**Stored items:**
============================================================

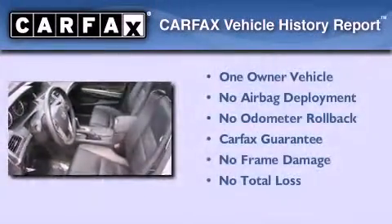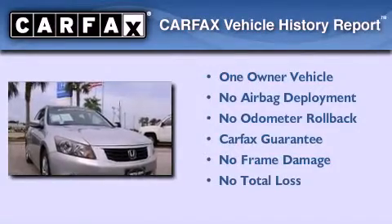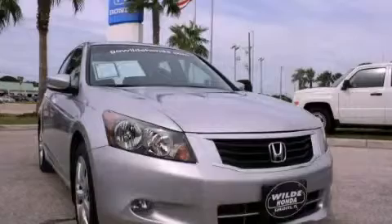This Honda has had only one owner, and it qualifies for the Carfax buyback guarantee. Contact us today to arrange your test drive.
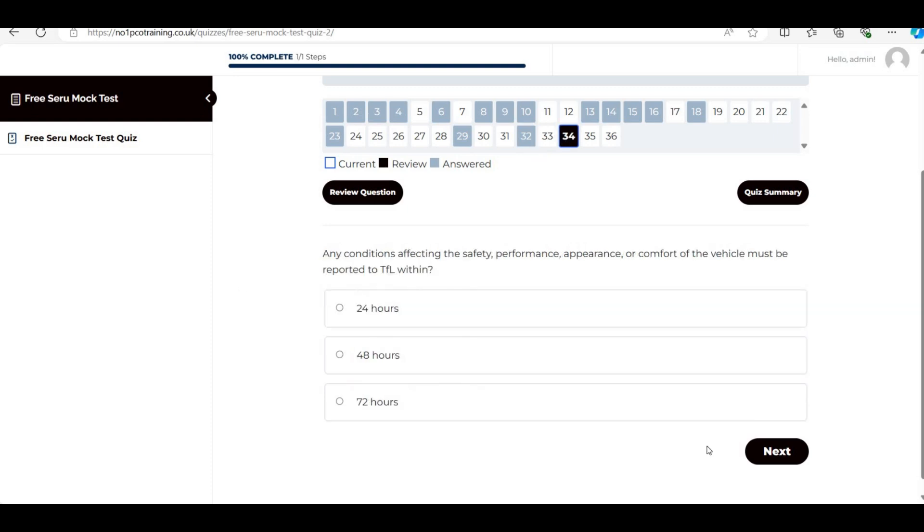Next: 'Any conditions affecting the safety, performance, appearance, or comfort of the vehicle must be reported to TFL within...' The answer is 72 hours. This is in the handbook — very important to remember.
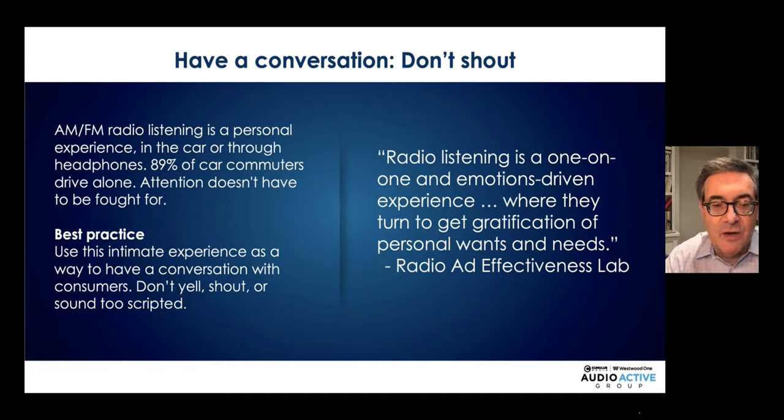Audio is about a conversation — it's intimate. You don't have to shout. 89 percent of car commuters are driving alone, and most podcast listening is personal through a smartphone and earbuds. In audio, you don't have to fight for attention, so you don't need to yell, shout, or sound too scripted.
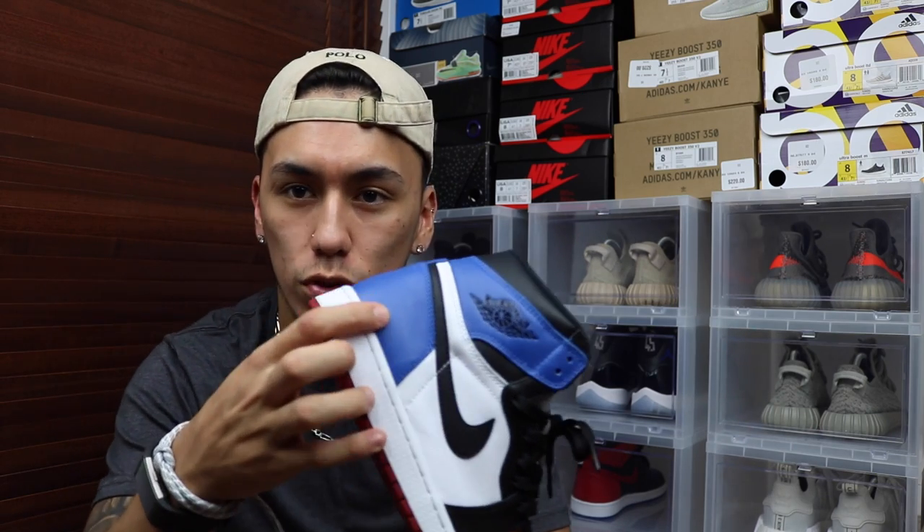Honestly the shoe is pretty fresh. I like it better than the Royal Ones just because it does have white in there — white, blue, and black — which is really fresh, especially with that little thing they have on the corner here. I don't know what logo that is; I guess it's a Fragment logo.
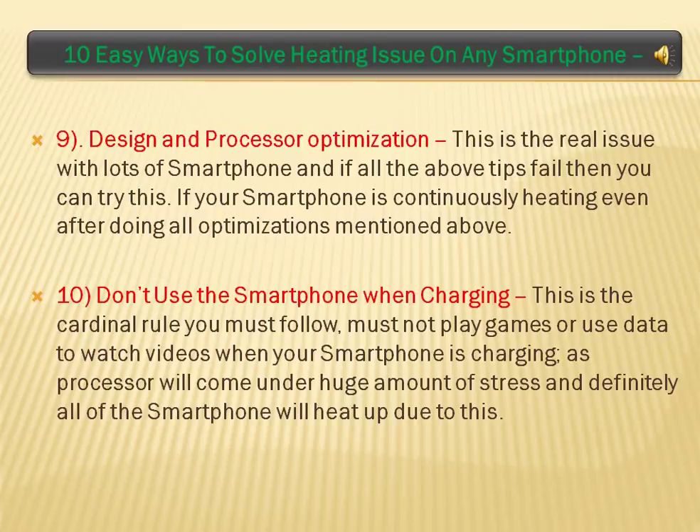Don't Use the Smartphone When Charging: this is the cardinal rule you must follow. Do not play games or use data to watch videos when your smartphone is charging, as the processor will come under a huge amount of stress and the smartphone will definitely heat up.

============================================================

**Problem description:**
Copy all records exactly, no images.

**Exercise answer:**
This Honda has had only one owner, and it qualifies for the Carfax buyback guarantee. Contact us today to arrange your test drive.
Next: 'Any conditions affecting the safety, performance, appearance, or comfort of the vehicle must be reported to TFL within...' The answer is 72 hours. This is in the handbook — very important to remember.
Audio is about a conversation — it's intimate. You don't have to shout. 89 percent of car commuters are driving alone, and most podcast listening is personal through a smartphone and earbuds. In audio, you don't have to fight for attention, so you don't need to yell, shout, or sound too scripted.
Honestly the shoe is pretty fresh. I like it better than the Royal Ones just because it does have white in there — white, blue, and black — which is really fresh, especially with that little thing they have on the corner here. I don't know what logo that is; I guess it's a Fragment logo.
Don't Use the Smartphone When Charging: this is the cardinal rule you must follow. Do not play games or use data to watch videos when your smartphone is charging, as the processor will come under a huge amount of stress and the smartphone will definitely heat up.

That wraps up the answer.